Though no devil, sixty-year-old widower Alexis-Jean, the Marquis du Châtelet-Fresnières, whom Adélaïde married on 7 May 1754, was nevertheless a highly unsuitable husband, because he was just as improvident as she, and by the following September creditors were snapping at the heels of them both. In dire straits, the poverty-stricken Marquis and Marquise du Châtelet-Fresnières, daughter and son-in-law of Paris's richest widow, were forced to flee from one lowly lodging house to another in the remotest, least fashionable arrondissements of the city while Jeanne lived in luxury near the Louvre. Their first son, born in April 1755, died when he was seven months old; their second, born in August 1756, died the following January. By 1765 the bereaved couple's debts totalled more than a million livres.

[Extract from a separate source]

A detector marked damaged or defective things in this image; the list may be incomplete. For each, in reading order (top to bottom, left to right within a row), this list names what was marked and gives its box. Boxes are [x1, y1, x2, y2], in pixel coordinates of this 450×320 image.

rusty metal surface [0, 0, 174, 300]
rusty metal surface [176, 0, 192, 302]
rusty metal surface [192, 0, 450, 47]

Meanwhile, a month before Adélaïde's marriage, Jeanne's younger daughter Agnès had married Paul Edouard Colbert, the Comte de Creuilly and Due d'Estouteville. Sadly Agnès, who was said to be one of the most beautiful women in Paris, died two years later on 1 July 1756, leaving no children. Jeanne had now lost a husband, a son, a daughter and two grandchildren, and her one remaining offspring brought her nothing but grief. That she began to put so much faith in alchemy, mysticism and the supernatural is perhaps understandable given these circumstances. Her scientific experiments, some of which lasted for years, filled her otherwise empty life, and the hope of making new discoveries, coupled with the existence of a spiritual world in which it was possible to communicate with the dead, was perhaps more bearable to her than reality.

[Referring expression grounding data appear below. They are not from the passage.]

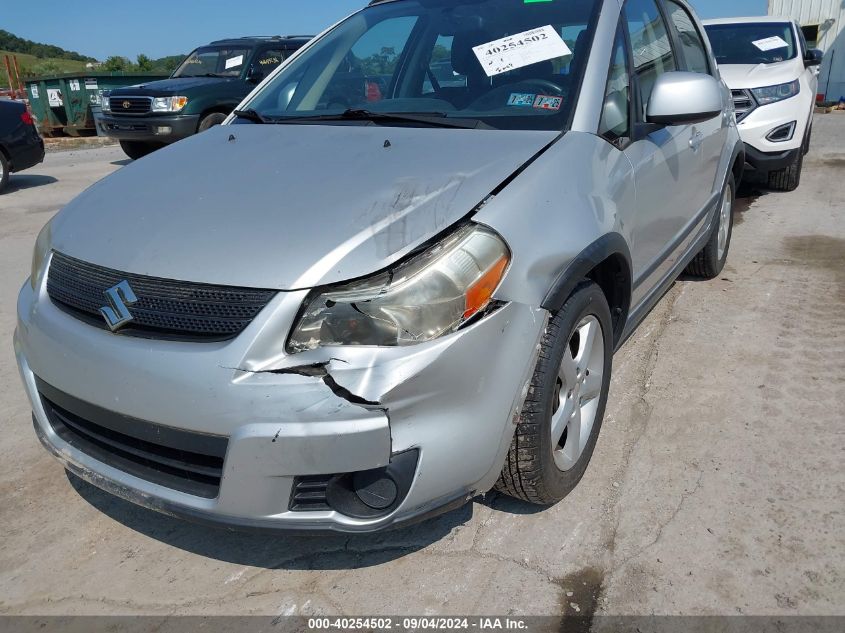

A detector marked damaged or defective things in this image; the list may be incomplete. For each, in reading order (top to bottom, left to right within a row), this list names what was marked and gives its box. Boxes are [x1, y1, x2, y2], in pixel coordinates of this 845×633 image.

cracked headlight [153, 95, 191, 112]
cracked headlight [752, 80, 796, 106]
cracked headlight [30, 221, 52, 290]
damaged front bumper [16, 276, 544, 528]
dented hood [51, 123, 552, 288]
damaged silver car [16, 0, 740, 532]
cracked headlight [286, 222, 512, 350]
cracked concrete [0, 116, 840, 616]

The forerunner of modern-day chemistry, alchemy had its roots in a short text known as
The Emerald Tablet of Hermes
, thought to date back to the ancient Egyptian era and studied by intellectuals as diverse as the thirteenth-century English monk Roger Bacon, the sixteenth-century Swiss-German doctor Philippus Paracelsus, and
even Sir Isaac Newton. Newton's translation of the
Tablet
, found among his papers, included the most important tenet of alchemic philosophy: ‘That wch is below is like that wch is above & that wch is above is like yt wch is below.' Everything in nature, alchemists believed, ripened towards purity and perfection, even metals, which ranged from the impure tin and iron to the purest form, gold. Given the right catalyst – a secret substance known as the philosopher's stone – people could speed this natural process up, transmuting base metals into gold at will and producing a universal panacea or ‘elixir of life' which kept people from ageing and indefinitely prolonged existence.

The marquise had taken an interest in alchemy ever since her affair with the regent, a liberal man who had been a disciple of the science himself. By the 1750s she had studied all the ancient books and texts on the subject in the d'Urfé library – they included Paracelsus's encrypted formula for the philosopher's stone and original manuscripts by the thirteenth-century Catalan mystic theologian Raymond Lully, also known as ‘Doctor Illuminatus'. Although she approached her experiments with the dedication of a true scientist, she elevated her results to the realms of fantasy. In her laboratory she had ‘a substance that she had kept on the fire for fifteen years, and which still needed four or five more', which she believed to be ‘a powder of projection which could transform all metals into gold in one minute' – a process that alchemists described as the
opus alchemicum
or Great Work, and the highest goal in alchemy. Jeanne also experimented with
Plantina del Pinto
or platinum, a substance given to her in 1743 by the English chemist Charles Wood, who had discovered it two years earlier in Peru. By mixing silver, mercury and nitric acid the marquise created a silver dendrite known as a ‘tree of Diana', and she claimed to be able to make one ‘that would be a true tree of the sun, which would produce golden fruits that one could harvest'.